Of course, I can make your dream come true, but first you have got to do something. Like write. Yes, write. And write reasonably well. Is it too much to insist that you write well if you wish to get published?

There is a lot of good old-fashioned hard work involved in publishing a book, much of it hidden from the view of the world. It is, however, very difficult to maintain standards because there are more bad than good writing floating around. But, for a publisher or editor, that is where the fun (or heartaches and nightmares) is, I guess! (“Here is Harry Potter’s magic wand: go and turn yourself into a good writer!”)

Write only if you are serious about good writing and producing a book that will stand the test of time. Write a book that will make you proud to be the author. Write a book that will make your mummy proud to have a son or daughter like you. Write with confidence; write with humility; write with empathy. Lose the unbecoming arrogance and the I-am-cleverer-than-you attitude. Do not be afraid to admit mistakes; learn from them and move on. Always strive to be a better writer. We do not want the world to think that we celebrate mediocrity, do we? Wouldn’t you want to write a book that will be remembered and reprinted for years to come? Or do you prefer to write one where it will only be printed once and that’s it?

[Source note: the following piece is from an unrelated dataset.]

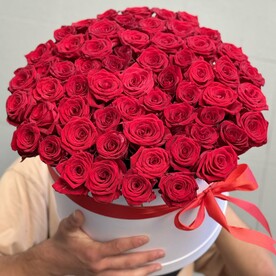 51 красная Роза в коробке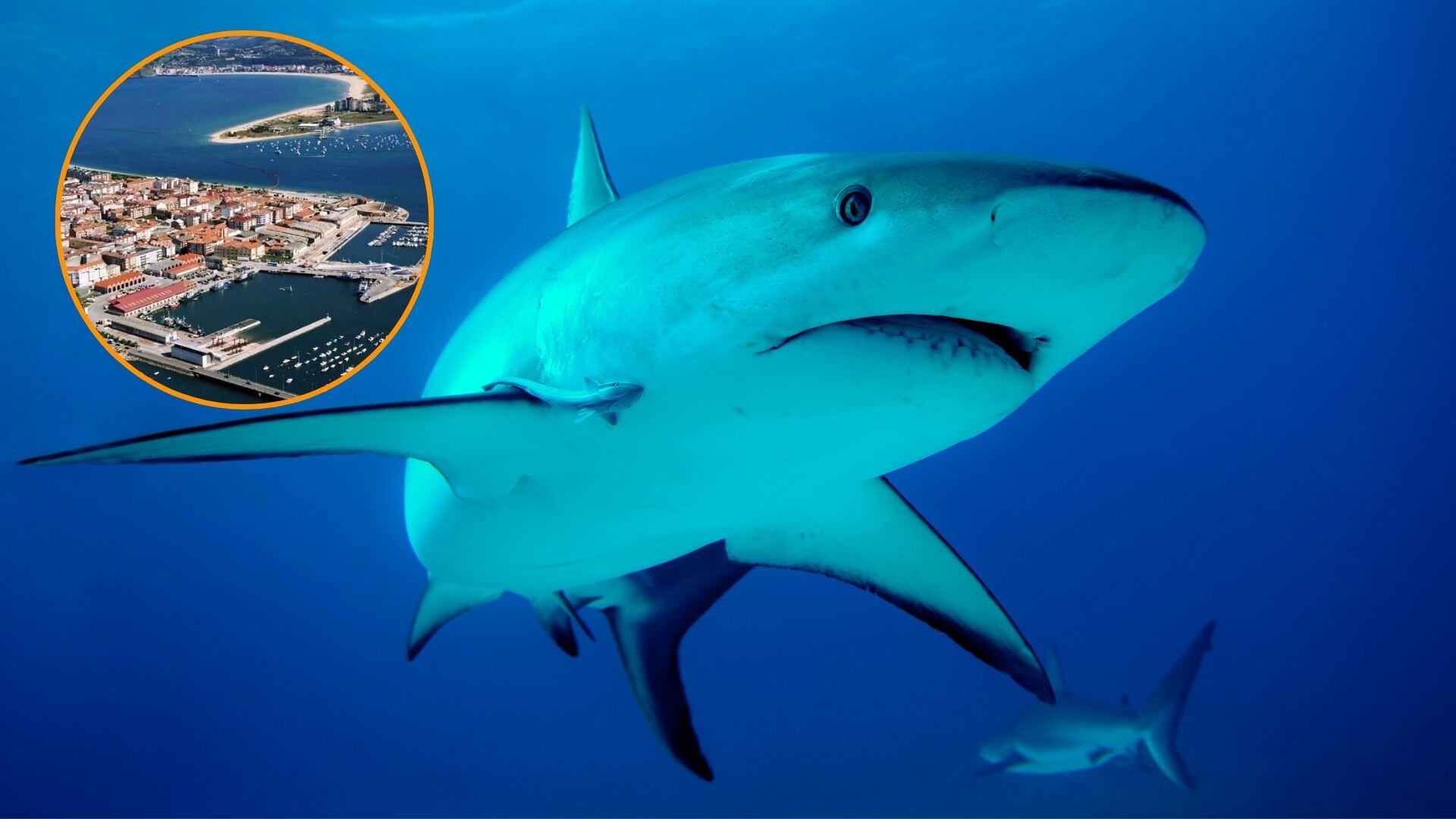 Un tiburón azul llega hasta el embarcadero de Santoña, en Cantabria. (Canva/ Europa Press)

As a writer, you must ask yourself whether people are willing to fork out their hard-earned money in exchange for your book. Will reading your book make any difference to their lives? Is your book worth more than the paper it is printed on? These are just some of the questions writers must ask themselves if they are serious about writing.

What you write about is as important as how you write it. As an editor of books, a good manuscript is like a dream come true, a shooting star across the vast open heavens, a breath of fresh air, a fine-dining experience at Nobu or The Fat Duck, the coming of rain after a season of drought, a harvest after the paddy-planting season. I believe you get my drift?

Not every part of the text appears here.